» TASK DIRECTIONS
Could you copy the records below exactly, leaving out any pictures they include?

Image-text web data
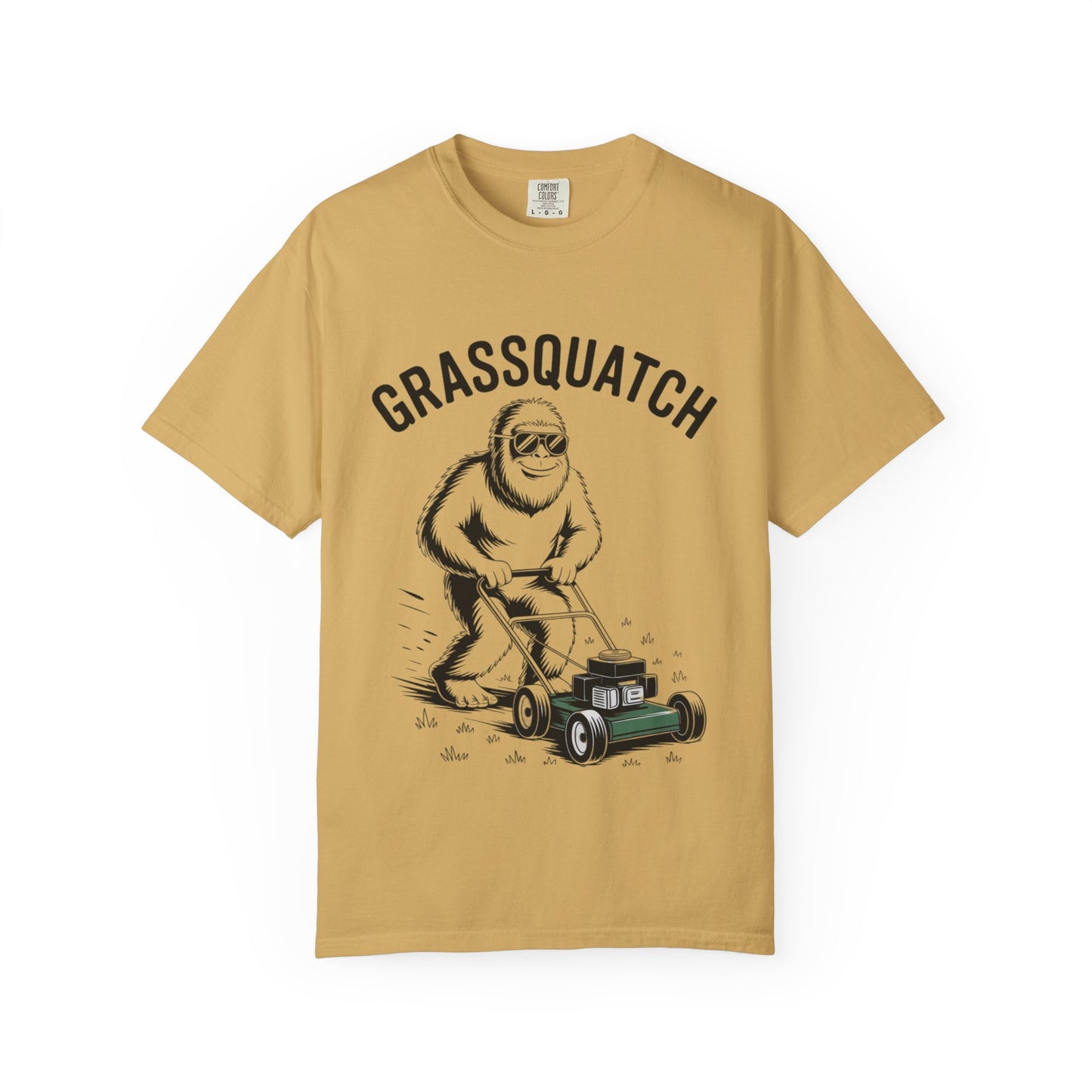 Grassquatch Lawn Mowing Tee – Funny Bigfoot Yardwork Shirt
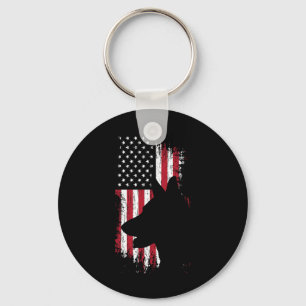 Duitse Herdershond Amerikaanse Vlag Shirt Usa Patr Sleutelhanger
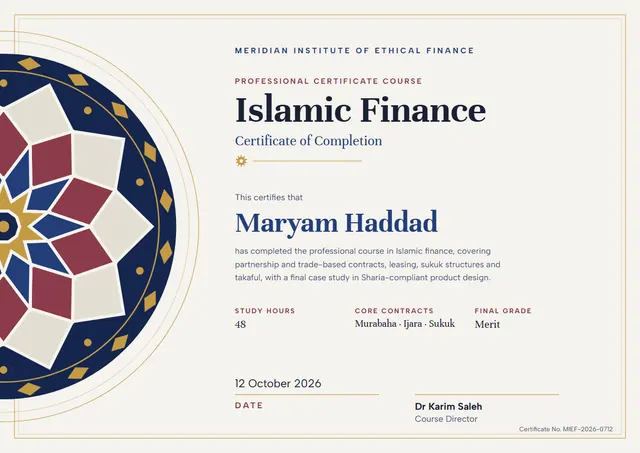 Gold Medal Islamic Finance Course Certificate template, A4 landscape, in gold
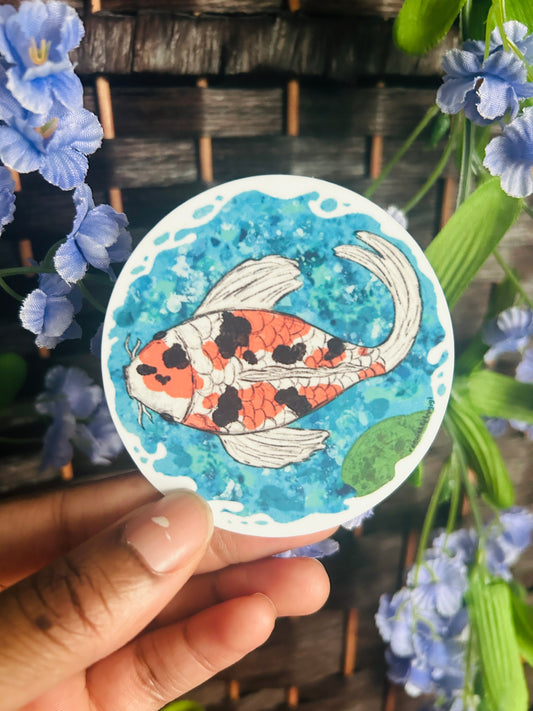 Koi Fish in A Pond Sticker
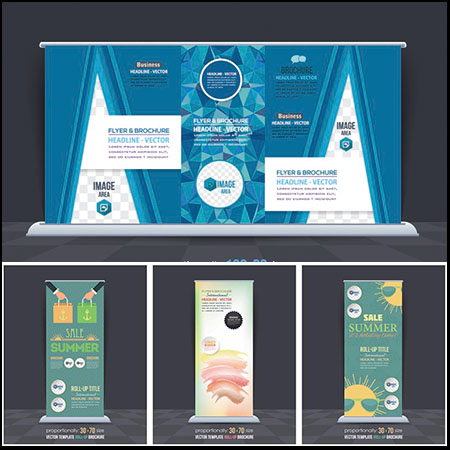 15款销售概念企业公司展板横幅第一素材网矢量素材精选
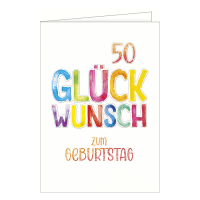 A 50. Geburtstag - A4 Karte mit Umschlag –  bunter...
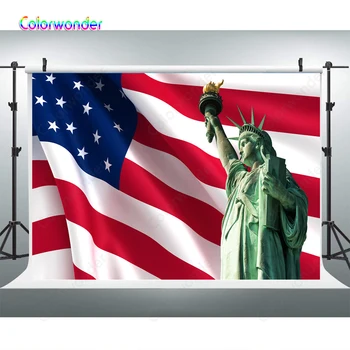 

Statue of Liberty Photo Backdrop 7x5ft Vinyl 4th of July Backgrounds Independence Day Backdrops American Flag Day Photography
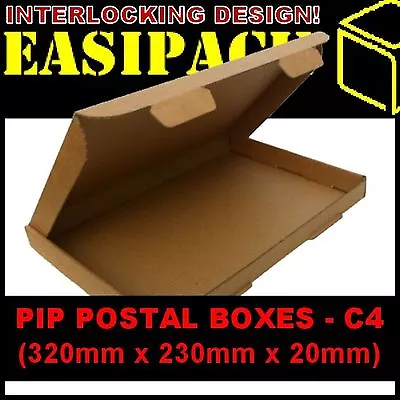 Cardboard Postal Mail Boxes PIP (Large Letter) 320x230x20mm - C4 - MULTI LISTING • £2.99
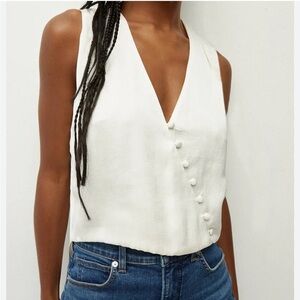 Veronica Beard Rahi Button Detail Satin Tank Top Size Small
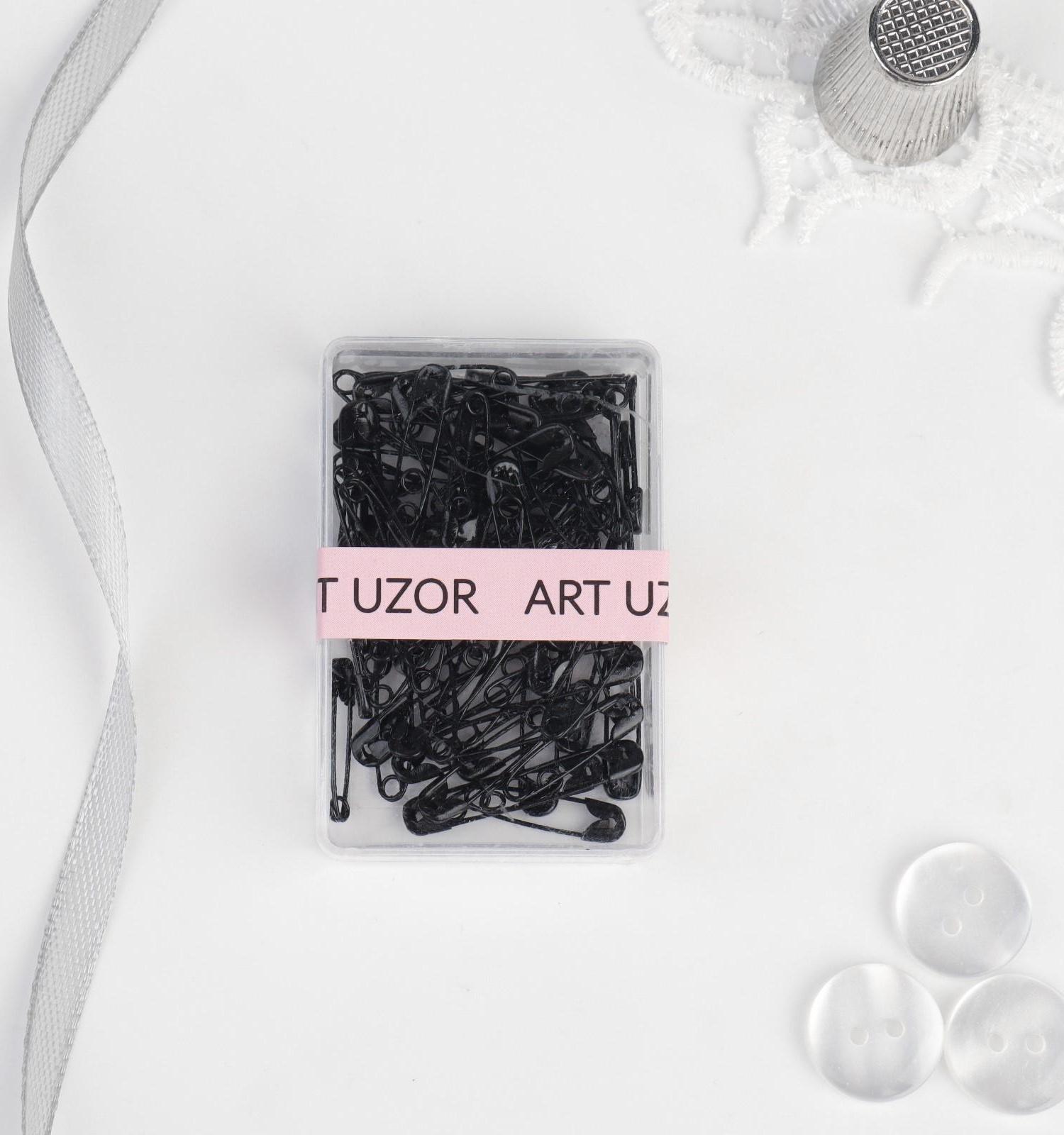 Булавки английские №000, 19 × 4 мм, 80 шт, цвет чёрный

» EXERCISE RESULT
 Grassquatch Lawn Mowing Tee – Funny Bigfoot Yardwork Shirt
 Duitse Herdershond Amerikaanse Vlag Shirt Usa Patr Sleutelhanger
 Gold Medal Islamic Finance Course Certificate template, A4 landscape, in gold
 Koi Fish in A Pond Sticker
 15款销售概念企业公司展板横幅第一素材网矢量素材精选
 A 50. Geburtstag - A4 Karte mit Umschlag –  bunter...

Statue of Liberty Photo Backdrop 7x5ft Vinyl 4th of July Backgrounds Independence Day Backdrops American Flag Day Photography
 Cardboard Postal Mail Boxes PIP (Large Letter) 320x230x20mm - C4 - MULTI LISTING • £2.99
 Veronica Beard Rahi Button Detail Satin Tank Top Size Small
 Булавки английские №000, 19 × 4 мм, 80 шт, цвет чёрный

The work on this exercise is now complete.